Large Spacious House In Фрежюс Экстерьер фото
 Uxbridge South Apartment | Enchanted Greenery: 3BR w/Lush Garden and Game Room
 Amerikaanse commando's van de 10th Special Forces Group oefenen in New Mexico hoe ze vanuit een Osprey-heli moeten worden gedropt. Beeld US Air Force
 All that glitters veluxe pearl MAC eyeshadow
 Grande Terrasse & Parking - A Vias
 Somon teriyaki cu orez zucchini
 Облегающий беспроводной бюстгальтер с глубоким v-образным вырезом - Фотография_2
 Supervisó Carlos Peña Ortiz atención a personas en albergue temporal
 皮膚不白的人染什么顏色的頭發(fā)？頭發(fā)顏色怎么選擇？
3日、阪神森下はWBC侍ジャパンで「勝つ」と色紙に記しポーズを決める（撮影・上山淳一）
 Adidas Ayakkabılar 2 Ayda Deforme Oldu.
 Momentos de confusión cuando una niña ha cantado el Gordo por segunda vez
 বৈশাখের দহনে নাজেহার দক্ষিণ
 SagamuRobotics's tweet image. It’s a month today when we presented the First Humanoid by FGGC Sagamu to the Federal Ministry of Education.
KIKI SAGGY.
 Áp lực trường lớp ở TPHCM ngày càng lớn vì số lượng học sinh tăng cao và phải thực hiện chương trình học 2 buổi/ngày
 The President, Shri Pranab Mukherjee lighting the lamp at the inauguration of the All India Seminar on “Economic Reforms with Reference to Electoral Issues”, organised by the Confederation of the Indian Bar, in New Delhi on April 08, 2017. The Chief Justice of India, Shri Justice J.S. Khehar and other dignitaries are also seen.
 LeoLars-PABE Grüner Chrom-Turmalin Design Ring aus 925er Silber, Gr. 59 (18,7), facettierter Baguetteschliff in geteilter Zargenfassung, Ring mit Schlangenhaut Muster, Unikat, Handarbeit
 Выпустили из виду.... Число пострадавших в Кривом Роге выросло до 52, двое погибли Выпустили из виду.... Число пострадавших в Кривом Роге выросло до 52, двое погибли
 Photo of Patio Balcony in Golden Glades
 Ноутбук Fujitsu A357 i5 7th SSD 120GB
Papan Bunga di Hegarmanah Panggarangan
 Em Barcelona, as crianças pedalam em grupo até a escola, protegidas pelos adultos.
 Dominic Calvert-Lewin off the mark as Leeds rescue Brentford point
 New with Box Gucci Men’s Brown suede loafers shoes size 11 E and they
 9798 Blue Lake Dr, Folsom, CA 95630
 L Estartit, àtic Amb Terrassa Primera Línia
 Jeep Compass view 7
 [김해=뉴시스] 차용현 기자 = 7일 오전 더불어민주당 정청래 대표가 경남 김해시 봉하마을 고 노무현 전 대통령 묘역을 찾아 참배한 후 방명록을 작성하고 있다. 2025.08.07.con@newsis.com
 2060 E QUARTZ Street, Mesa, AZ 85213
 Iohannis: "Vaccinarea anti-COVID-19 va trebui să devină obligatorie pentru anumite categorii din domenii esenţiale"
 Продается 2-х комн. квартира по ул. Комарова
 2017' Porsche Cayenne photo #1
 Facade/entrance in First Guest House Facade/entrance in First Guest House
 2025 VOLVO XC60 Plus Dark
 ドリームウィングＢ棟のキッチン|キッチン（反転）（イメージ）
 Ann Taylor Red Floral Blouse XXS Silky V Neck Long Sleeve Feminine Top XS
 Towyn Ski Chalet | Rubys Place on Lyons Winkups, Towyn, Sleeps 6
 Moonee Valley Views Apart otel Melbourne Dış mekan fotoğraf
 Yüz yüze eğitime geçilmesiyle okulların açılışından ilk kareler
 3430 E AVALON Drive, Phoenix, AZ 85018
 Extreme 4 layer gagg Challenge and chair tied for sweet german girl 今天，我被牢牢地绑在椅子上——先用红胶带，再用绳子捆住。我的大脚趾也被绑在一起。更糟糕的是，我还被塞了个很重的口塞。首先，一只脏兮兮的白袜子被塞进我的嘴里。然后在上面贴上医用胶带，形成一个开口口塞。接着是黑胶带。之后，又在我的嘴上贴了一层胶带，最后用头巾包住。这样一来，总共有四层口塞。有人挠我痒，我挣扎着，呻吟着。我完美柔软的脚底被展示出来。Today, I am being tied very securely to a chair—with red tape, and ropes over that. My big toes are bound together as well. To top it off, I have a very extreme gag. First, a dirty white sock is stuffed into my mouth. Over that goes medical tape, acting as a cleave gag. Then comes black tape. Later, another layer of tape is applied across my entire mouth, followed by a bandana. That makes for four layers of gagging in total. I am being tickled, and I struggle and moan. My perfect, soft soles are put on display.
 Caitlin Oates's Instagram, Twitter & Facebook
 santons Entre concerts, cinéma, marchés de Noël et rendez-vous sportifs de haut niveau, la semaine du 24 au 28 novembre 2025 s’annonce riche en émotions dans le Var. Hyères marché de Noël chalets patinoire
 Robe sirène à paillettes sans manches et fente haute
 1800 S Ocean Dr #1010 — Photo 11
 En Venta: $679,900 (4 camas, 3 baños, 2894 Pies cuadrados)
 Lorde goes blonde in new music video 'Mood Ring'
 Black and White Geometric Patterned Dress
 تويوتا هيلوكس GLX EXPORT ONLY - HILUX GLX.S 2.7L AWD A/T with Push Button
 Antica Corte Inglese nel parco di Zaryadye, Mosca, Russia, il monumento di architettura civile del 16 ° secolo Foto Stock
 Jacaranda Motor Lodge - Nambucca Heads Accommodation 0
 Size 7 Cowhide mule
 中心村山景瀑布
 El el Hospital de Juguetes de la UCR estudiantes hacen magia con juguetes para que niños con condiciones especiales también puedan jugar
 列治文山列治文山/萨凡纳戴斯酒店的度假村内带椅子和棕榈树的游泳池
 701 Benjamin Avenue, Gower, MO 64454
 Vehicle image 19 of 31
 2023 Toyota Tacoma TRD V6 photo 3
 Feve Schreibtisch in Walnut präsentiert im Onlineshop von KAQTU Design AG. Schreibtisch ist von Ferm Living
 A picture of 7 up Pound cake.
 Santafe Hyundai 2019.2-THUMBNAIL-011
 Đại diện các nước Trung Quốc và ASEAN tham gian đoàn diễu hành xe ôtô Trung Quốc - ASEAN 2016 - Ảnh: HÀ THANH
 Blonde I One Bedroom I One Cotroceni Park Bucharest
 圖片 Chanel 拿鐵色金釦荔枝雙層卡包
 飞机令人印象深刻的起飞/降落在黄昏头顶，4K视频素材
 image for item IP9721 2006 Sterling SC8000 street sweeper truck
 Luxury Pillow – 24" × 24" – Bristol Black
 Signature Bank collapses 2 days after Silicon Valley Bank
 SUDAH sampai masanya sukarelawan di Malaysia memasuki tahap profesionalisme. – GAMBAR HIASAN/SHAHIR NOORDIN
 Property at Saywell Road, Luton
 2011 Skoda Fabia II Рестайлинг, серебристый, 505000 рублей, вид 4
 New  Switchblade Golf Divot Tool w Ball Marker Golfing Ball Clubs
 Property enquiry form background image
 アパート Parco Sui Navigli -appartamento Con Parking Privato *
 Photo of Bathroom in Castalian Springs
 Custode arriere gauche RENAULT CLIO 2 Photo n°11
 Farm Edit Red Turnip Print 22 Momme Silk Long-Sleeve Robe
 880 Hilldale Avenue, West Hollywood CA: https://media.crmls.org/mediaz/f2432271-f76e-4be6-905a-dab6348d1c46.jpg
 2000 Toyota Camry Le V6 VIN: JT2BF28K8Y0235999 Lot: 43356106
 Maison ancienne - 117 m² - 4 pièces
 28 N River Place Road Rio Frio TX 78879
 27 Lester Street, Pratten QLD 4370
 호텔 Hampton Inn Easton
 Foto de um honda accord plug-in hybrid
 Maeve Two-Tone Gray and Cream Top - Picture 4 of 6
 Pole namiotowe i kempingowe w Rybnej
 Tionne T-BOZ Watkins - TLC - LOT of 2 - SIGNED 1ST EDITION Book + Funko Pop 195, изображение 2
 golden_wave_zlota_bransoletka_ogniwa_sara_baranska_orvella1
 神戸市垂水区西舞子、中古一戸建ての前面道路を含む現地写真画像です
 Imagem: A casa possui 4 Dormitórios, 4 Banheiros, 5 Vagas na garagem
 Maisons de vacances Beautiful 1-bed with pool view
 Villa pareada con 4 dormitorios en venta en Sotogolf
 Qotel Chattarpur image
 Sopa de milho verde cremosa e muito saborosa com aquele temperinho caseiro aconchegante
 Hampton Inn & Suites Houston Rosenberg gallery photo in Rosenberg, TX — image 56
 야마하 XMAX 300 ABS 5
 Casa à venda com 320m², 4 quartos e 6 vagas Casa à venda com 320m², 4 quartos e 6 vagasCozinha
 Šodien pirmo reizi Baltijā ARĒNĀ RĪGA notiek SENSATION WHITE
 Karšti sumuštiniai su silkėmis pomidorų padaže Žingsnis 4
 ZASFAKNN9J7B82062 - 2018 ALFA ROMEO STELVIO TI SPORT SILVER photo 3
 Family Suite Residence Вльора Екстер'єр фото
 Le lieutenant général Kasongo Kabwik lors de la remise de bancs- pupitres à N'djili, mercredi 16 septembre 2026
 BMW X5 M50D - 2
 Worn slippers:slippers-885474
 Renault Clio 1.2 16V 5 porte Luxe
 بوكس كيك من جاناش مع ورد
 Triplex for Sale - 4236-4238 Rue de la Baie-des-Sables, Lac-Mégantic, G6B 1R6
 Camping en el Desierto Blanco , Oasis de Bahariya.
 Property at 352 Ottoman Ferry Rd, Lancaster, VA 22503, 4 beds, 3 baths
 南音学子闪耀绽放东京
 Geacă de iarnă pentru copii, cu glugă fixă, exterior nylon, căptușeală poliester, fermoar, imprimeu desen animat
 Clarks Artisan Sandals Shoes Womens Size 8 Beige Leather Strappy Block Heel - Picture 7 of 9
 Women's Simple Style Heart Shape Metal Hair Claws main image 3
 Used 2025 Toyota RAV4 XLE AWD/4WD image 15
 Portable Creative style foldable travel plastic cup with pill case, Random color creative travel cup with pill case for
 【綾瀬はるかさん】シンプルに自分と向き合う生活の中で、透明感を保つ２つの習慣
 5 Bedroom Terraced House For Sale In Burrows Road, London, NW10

■ ■ ■ ■ ■

The problem - Starting with the first line of the data above, copy each line exactly until you reach the line with "Somon teriyaki cu orez zucchini"; include that line as well.

Written answer -
Large Spacious House In Фрежюс Экстерьер фото
 Uxbridge South Apartment | Enchanted Greenery: 3BR w/Lush Garden and Game Room
 Amerikaanse commando's van de 10th Special Forces Group oefenen in New Mexico hoe ze vanuit een Osprey-heli moeten worden gedropt. Beeld US Air Force
 All that glitters veluxe pearl MAC eyeshadow
 Grande Terrasse & Parking - A Vias
 Somon teriyaki cu orez zucchini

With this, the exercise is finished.